At least 13 people including children as young as five, have been killed by a gunman who opened fire at a school in central Russia on Monday morning, before turning the gun on himself.
Local police and government officials say 21 people, including 14 children, were also wounded in the mass shooting.
The mass shooting occurred at a middle school in Izhevsk, a city of about 640,000 people about 960 kilometres (596 miles) east of Moscow in the Udmurtia region.
“Thirteen people, including six adults and seven minors, were killed because of this crime,” Russia’s Investigative Committee said in a statement shortly after the shooting.

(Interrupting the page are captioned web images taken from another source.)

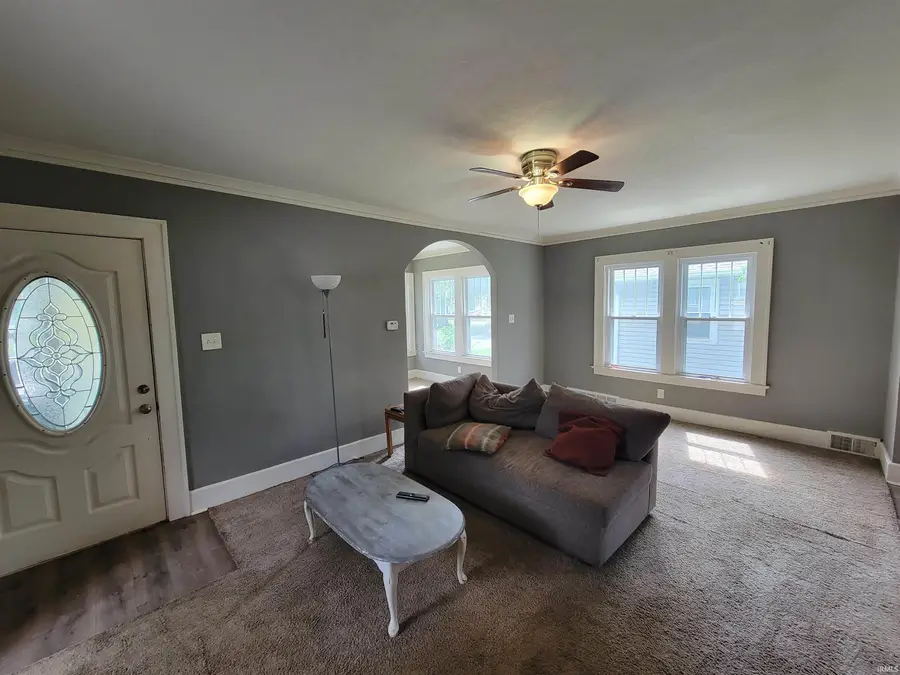 210 W 19th Street, Auburn, IN 46706 - #3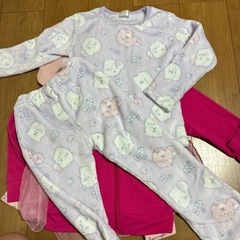 子供服　女の子　120と130 の画像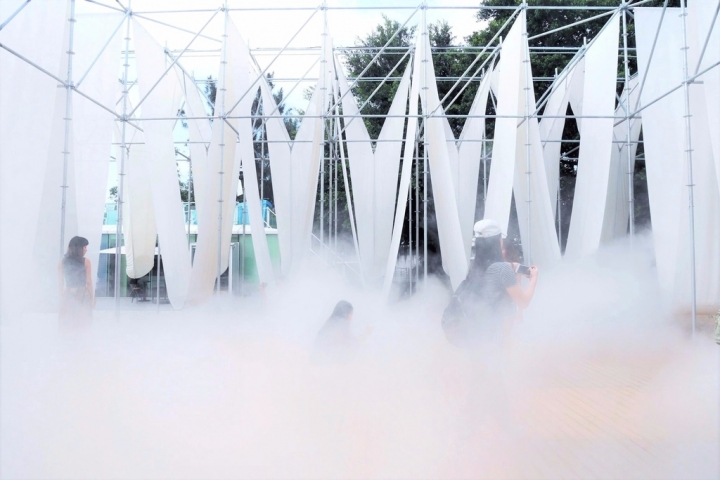 【台北圓山站 | 展覽】如夢似幻的純白氤氳空間♢供霧所 Mist Encounter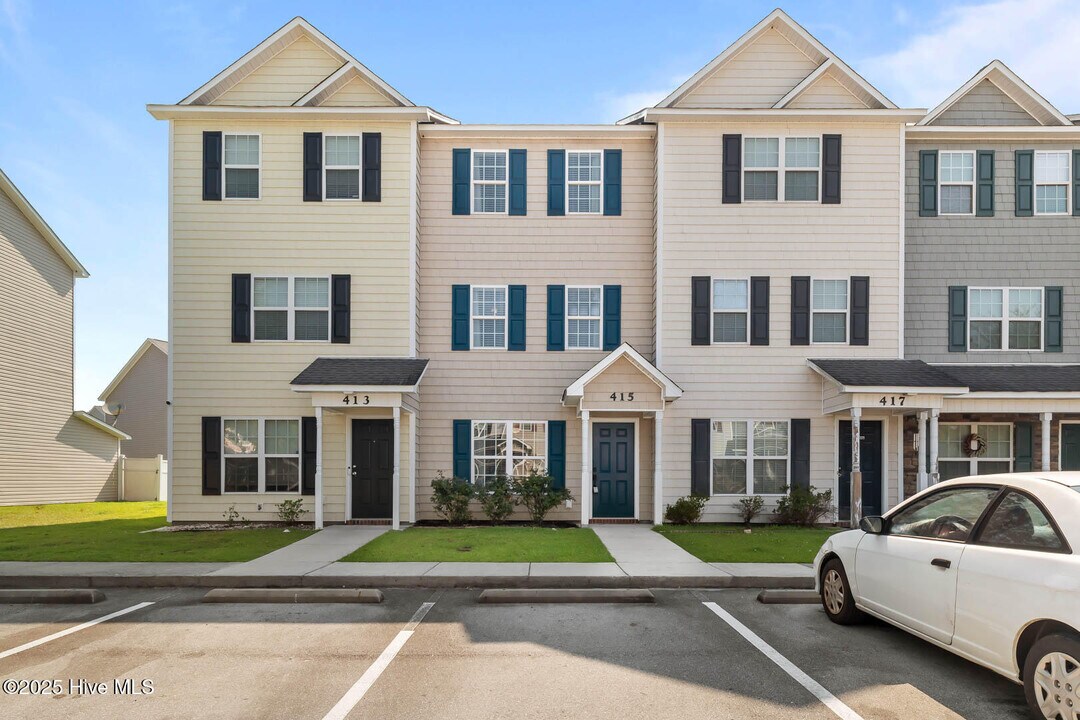 415 Caldwell Loop in Jacksonville, NC - Building Photo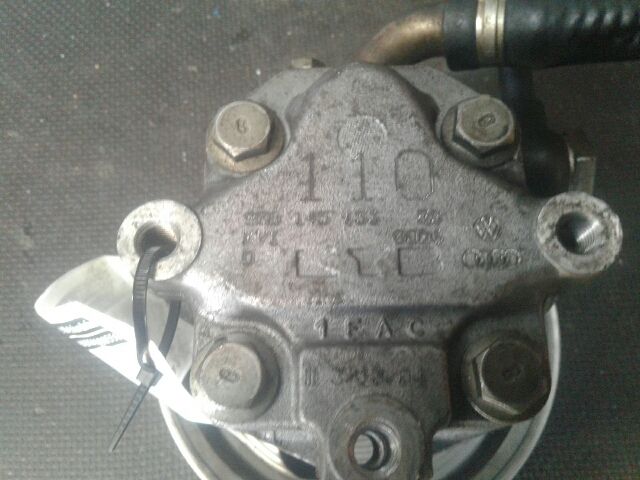 bontott AUDI A4 B7 Kormányszervó Motor (Hidraulikus)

The Committee said the shooter carried two pistols on him and a large supply of ammunition and shot sporadically for several minutes before ending his life
“The Izhevsk school, which teaches children aged from six to 17, has been evacuated and the area around it has been fenced off,” it added.
Commenting on the attack, Russian President Vladimir Putin on Monday described it as “inhuman”.
A statement on Putin’s behalf by Kremlin spokesman Dmitry Peskov, said:
“President Putin deeply mourns the deaths of people, children at a school where there was a terrorist attack by a person, who apparently belongs to a neo-fascist group.
“The president wishes for the recovery of those injured as a result of this inhuman terrorist attack.”